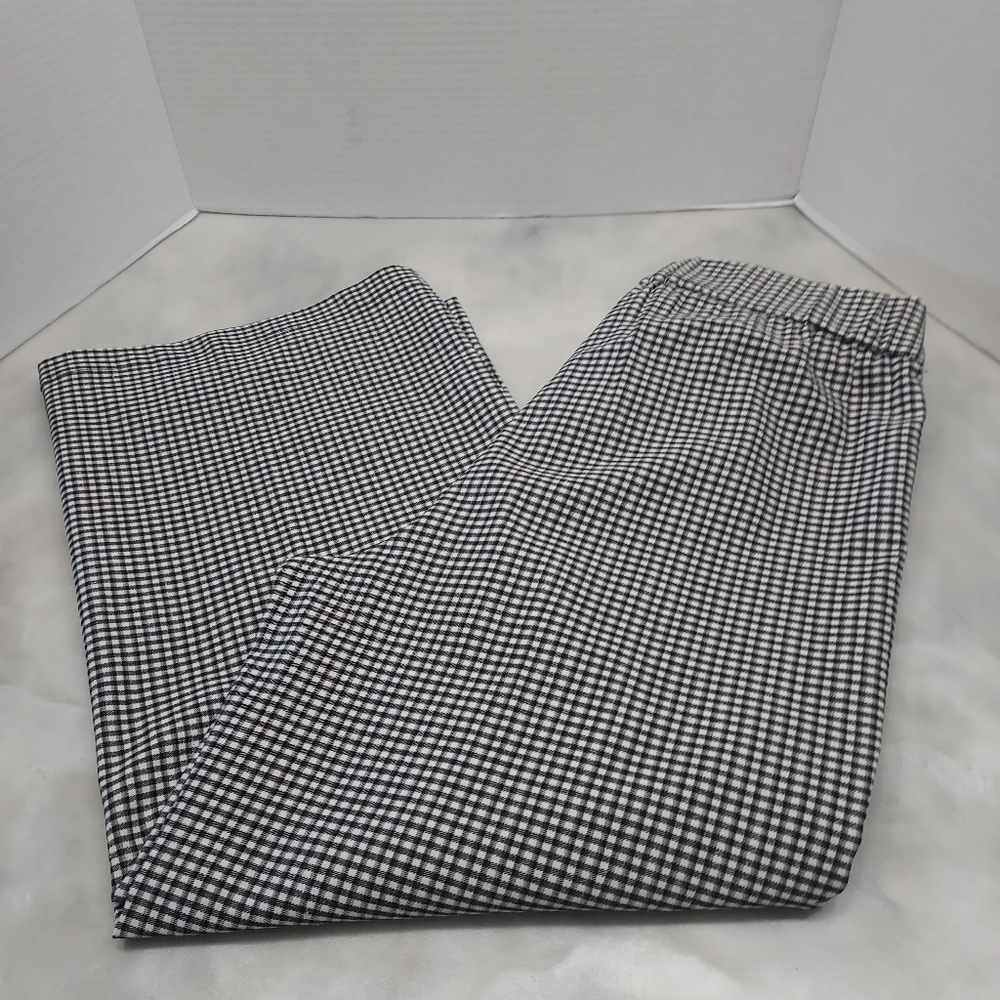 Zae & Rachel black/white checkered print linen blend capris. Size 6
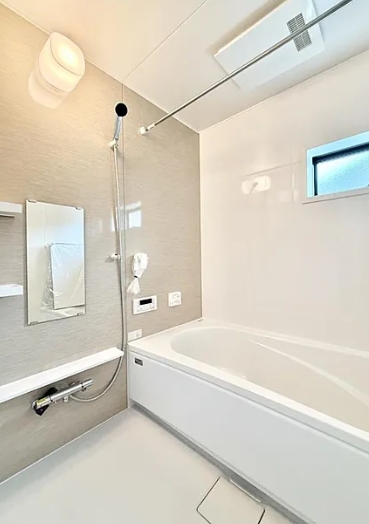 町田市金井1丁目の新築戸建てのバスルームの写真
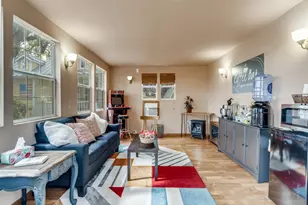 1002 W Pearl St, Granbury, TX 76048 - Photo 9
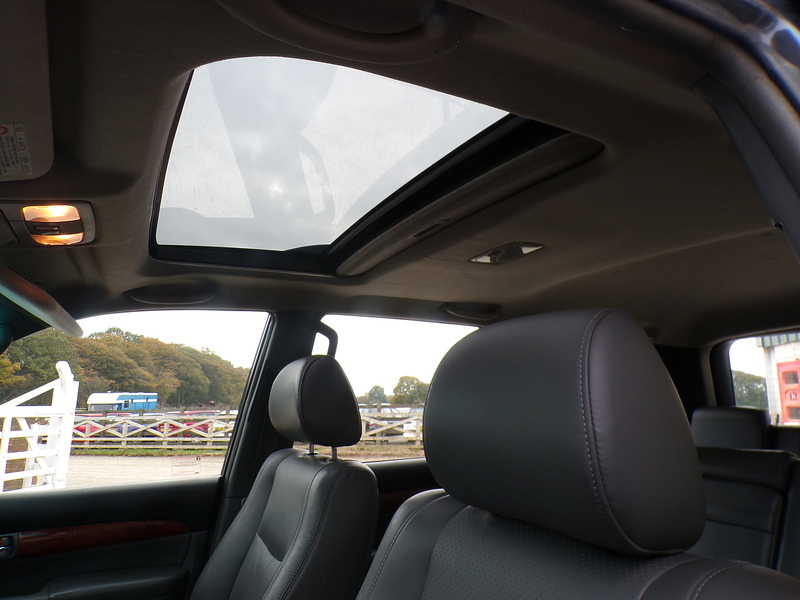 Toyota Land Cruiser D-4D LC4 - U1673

________

All of the data needs repeating exactly, but the pictures do not.

WRITTEN SOLUTION -
 Zae & Rachel black/white checkered print linen blend capris. Size 6
 町田市金井1丁目の新築戸建てのバスルームの写真
 1002 W Pearl St, Granbury, TX 76048 - Photo 9
 Toyota Land Cruiser D-4D LC4 - U1673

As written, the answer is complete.